Fedora 14 was released just a day or two ago. I figured I’d be cutting-edge and upgrade on pretty much the day it came out.

Of course, as with last time, I’m trying to do so on a laptop with little room for any more stuff. This time though, I tried as hard as I could to get preupgrade to work instead of doing a new install.

The Free Space Issue


The first issue was, of course, the lack of free space, on both /boot and /. /boot is slightly less than 100MB, meaning I wouldn’t be able to fit the install image on it. Fortunately this time, it correctly realized I didn’t have room, and set up anaconda to download it after booting.


The RPMs get downloaded to /var/cache/yum before being installed, but I didn’t really have enough room for that. What I did have was a 4GB USB key. So I edited /etc/fstab to overlay the key there. I was a bit concerned that anaconda wouldn’t mount it when I rebooted, but it did so correctly, so I didn’t run into any trouble there.

Now, preupgrade seems to download a separate directory for each repository, then link the files into one large thing. Since the USB key was FAT32, it couldn’t really do that linking. Since preupgrade is written in Python, it was easy for me to hack it to copy instead of linking. That was a bit slower and naturally took up double the space, but there was enough on the key for it.


But then there’s the more pressing issue of the space on /usr.

Clearly I’m really pushing it on the free space front here. With the help of Baobab, it was pretty clear where I could find the most “dead” space. These locale files are huge, and a pretty small portion is actually in my usual locale, en_CA. So of course, that was the first thing I axed.

Everything seemed peachy, but it turns out that preupgrade sucks at estimating required disk space. I then removed OpenOffice and kdelibs, and anaconda stopped complaining. However, it still ran out of space, though I managed to clean up some stuff and restart it.

The Download Issue

Preupgrade indicates that it will resume from where it was if you cancel it.
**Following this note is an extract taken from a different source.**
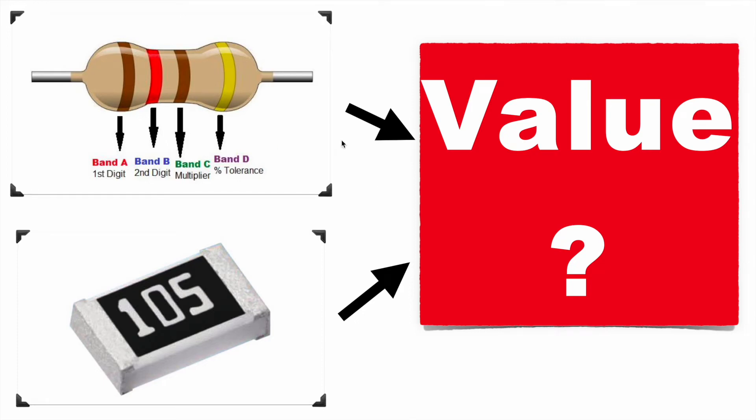In this video, we'll learn about how to calculate or decode the value of the resistor.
While this may be true of the RPMs, it’s not of the metadata, kernel image, or installer image. I don’t really know why it needs to update the metadata all the time, and I don’t really know what it is. But I do know it shouldn’t have to download the image every time. The problem is that it wants to check the file size, and then downloads the whole file just to do so. This is to ensure that you have enough space to hold the images on /boot. So if there’s enough room, it downloads the file again to place it on the drive!

Since I didn’t have enough room on /boot, it had to download the installer image whenever I started upgrade process. Obviously, I didn’t want to do that too many times after it failed the first time. So I downloaded the image and placed it on the USB key. Then it was a simple matter of modifying the kickstart file in /boot just before rebooting so that it would specify the right location. The anaconda installer took care of the rest.

The Cleanup

After rebooting, yum thought I had several fc13 packages still installed. I tried rebuilding the database but that really didn’t help. I tried writing a small script to pick out the extras and remove them, but then I realized that package-cleanup would do that and do it better. A run with --cleandupes took care of the problem. It also took care of some phantom missing storage space.

Why bother?

So I’m sure you’re all wondering why I even bothered, instead of just installing fresh. I’ll admit that would have been easier, as with last time. Mostly, I just wanted to see if I could. But arguably more importantly, I was able to see whether I could do the upgrade via a USB key.

In other words, one could get preupgrade to download everything to the USB key and install from there. It wouldn’t be too difficult, probably just requiring an option to tell anaconda where the package cache was. It may already exist in the kickstart configuration, but I haven’t looked into it. You can already place the installer image on a USB key, as I did above.